### Data excerpt
▼▼▼

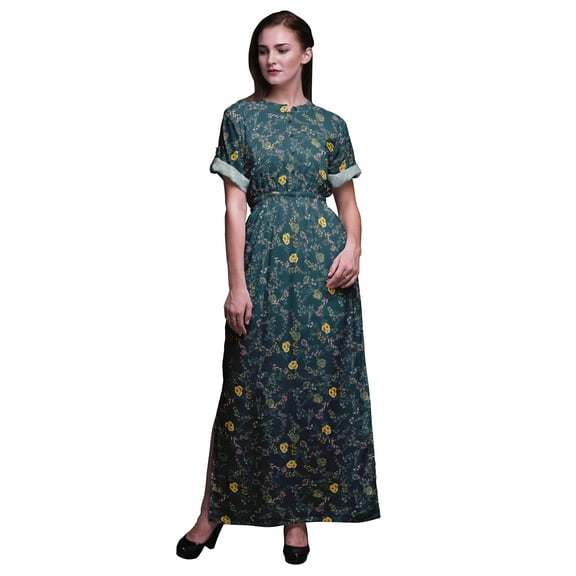 Bimba Rayon Leaf Floral Ladies Long Gown Boho Beach Cocktail Party Maxi Slit Dress-Large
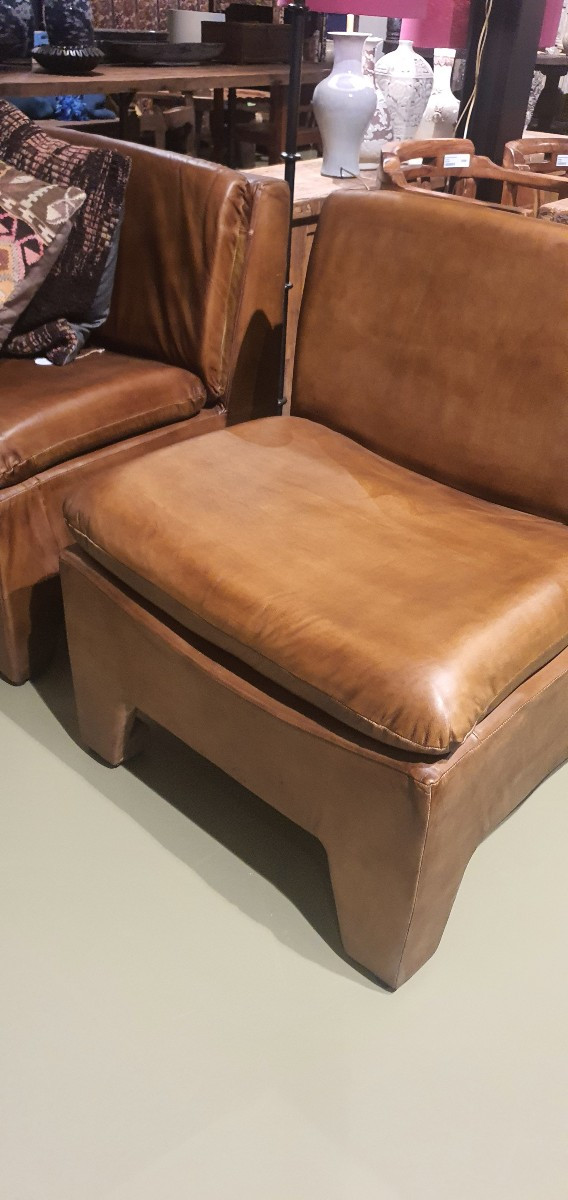 Pairs Of Marquise Leather Lounge Chairs 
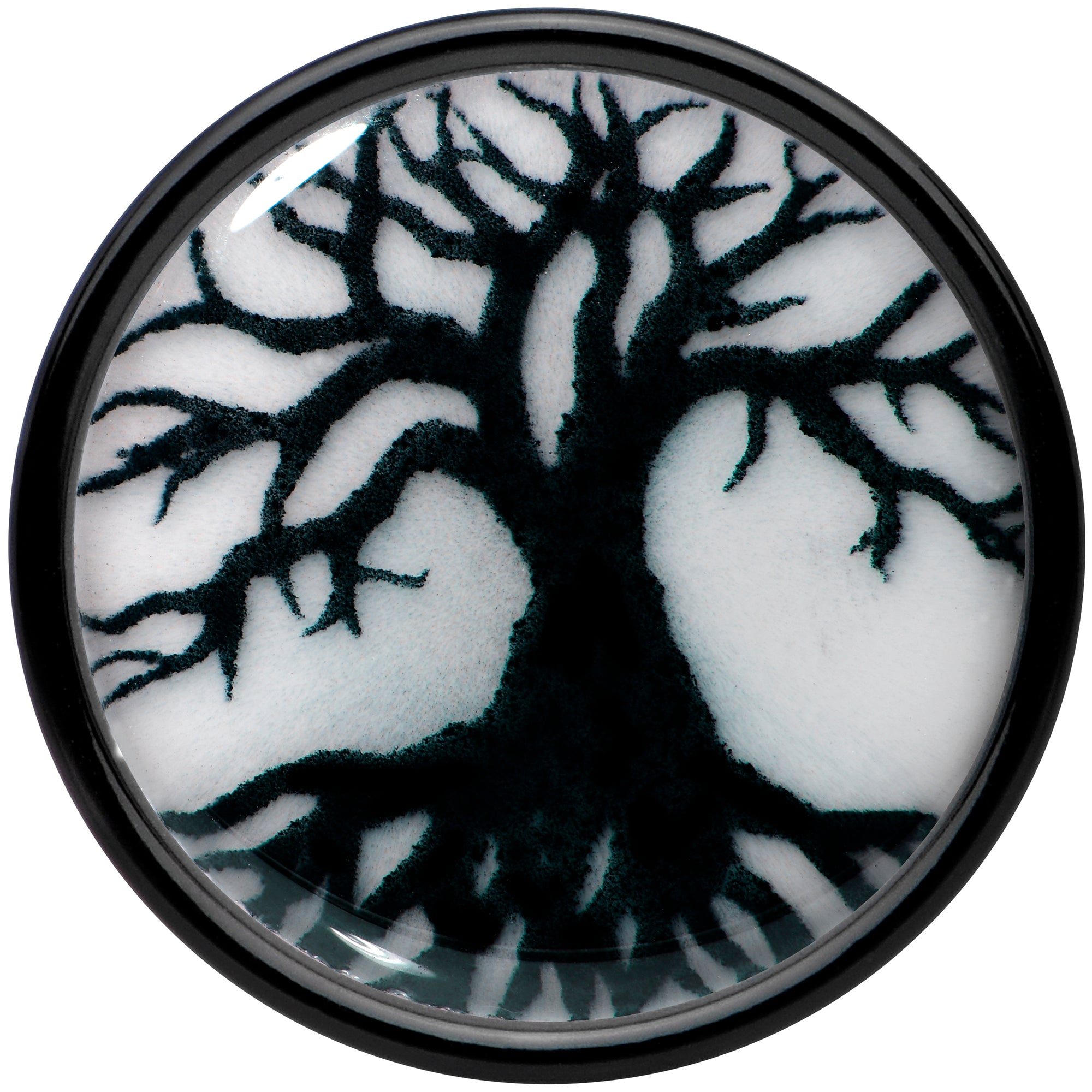 Black Acrylic Tree Of Life Glow in the Dark Double Flare Plug Set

▲▲▲

### Assignment
Reproduce the material above exactly but drop all images.

### Result of this task
 Bimba Rayon Leaf Floral Ladies Long Gown Boho Beach Cocktail Party Maxi Slit Dress-Large
 Pairs Of Marquise Leather Lounge Chairs 
 Black Acrylic Tree Of Life Glow in the Dark Double Flare Plug Set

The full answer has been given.